Akira Iriye is chairman of the history department at Harvard University.

SOVIET UNION

Iraqi tactics in the current war — forcing civilians into harm's way, executing innocents who seek refuge — have confirmed the malevolence of their regime, and so Americans seem puzzled by any Iraqi resistance to their liberation. It may perhaps be typically American to expect others to greet our mighty righteousness with gratitude, but there is a larger contradiction at work: we see dictatorships as simultaneously all-powerful and yet completely brittle.

Above all, we tend to assume that if a regime uses mass terror, the population must be opposed to it — why else is there a need to terrorize people? We find it difficult to appreciate the coexistence of brutal coercion with broad elements of allegiance — as was the case, for example, in Stalin's Soviet Union. Nor do we understand the social and psychological depth attained by long-lasting dictatorships, how they shape the habits and identities even of their internal enemies.

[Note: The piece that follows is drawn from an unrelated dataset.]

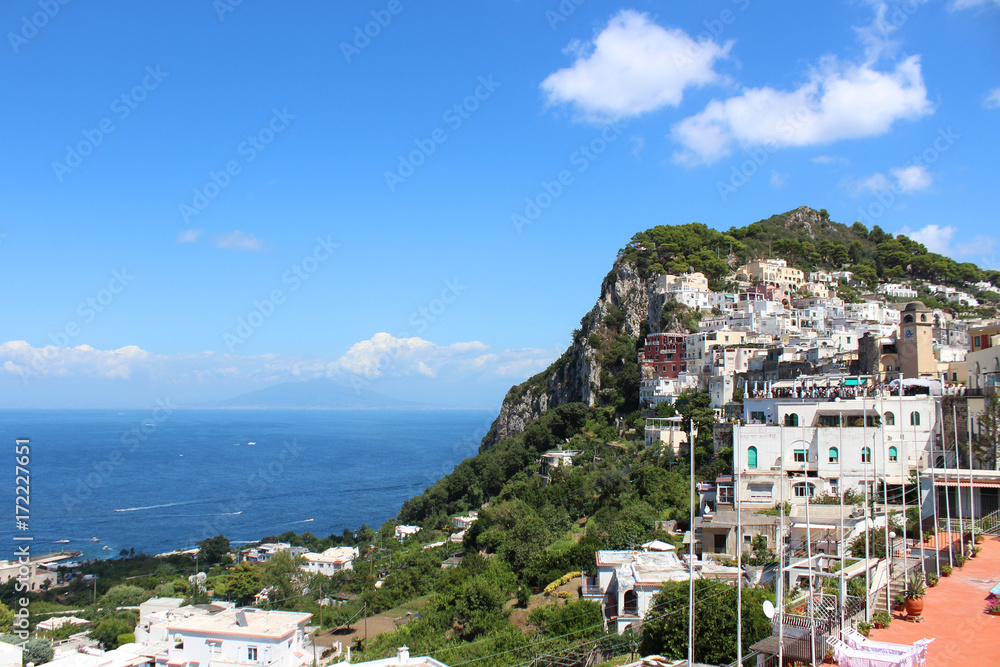 Capri, Naples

Dictatorships create a shadowy world. An adept dictator, rather than wait for the C.I.A. to recruit malcontents within his regime, organizes a phony conspiracy against himself. And then he hangs anyone who dares to respond, in the ministerial corridors for others to see. Those contemplating revolt cannot distinguish between a solicitation to defect that is genuine and one that is a trap.

Outsiders are suspect. As one captured Soviet official told German interrogators during World War II: "We have badly mistreated our people; in fact so bad that it was almost impossible to treat them worse. You Germans have managed to do that. In the long term, the people will choose between the two tyrants the one who speaks their language. Therefore, we will win the war."

To me, the Iraqis living under dictatorship and now caught in its violent overthrow appear less puzzling than Americans who talk of building democracies in the Arab world while disparaging government institutions, taxes and public programs at home.

Steven Kotkin directs the Russian studies program at Princeton University.

GERMANY

By the spring of 1945, lots of Germans, ordinary Germans, were tired of war and relieved to see the fighting end. Although some people did resist the regime, the overwhelming majority of the population — and the overwhelming majority in the military — supported it. We forget how enthusiastic most people were about the Nazis and their deeply racist ideas.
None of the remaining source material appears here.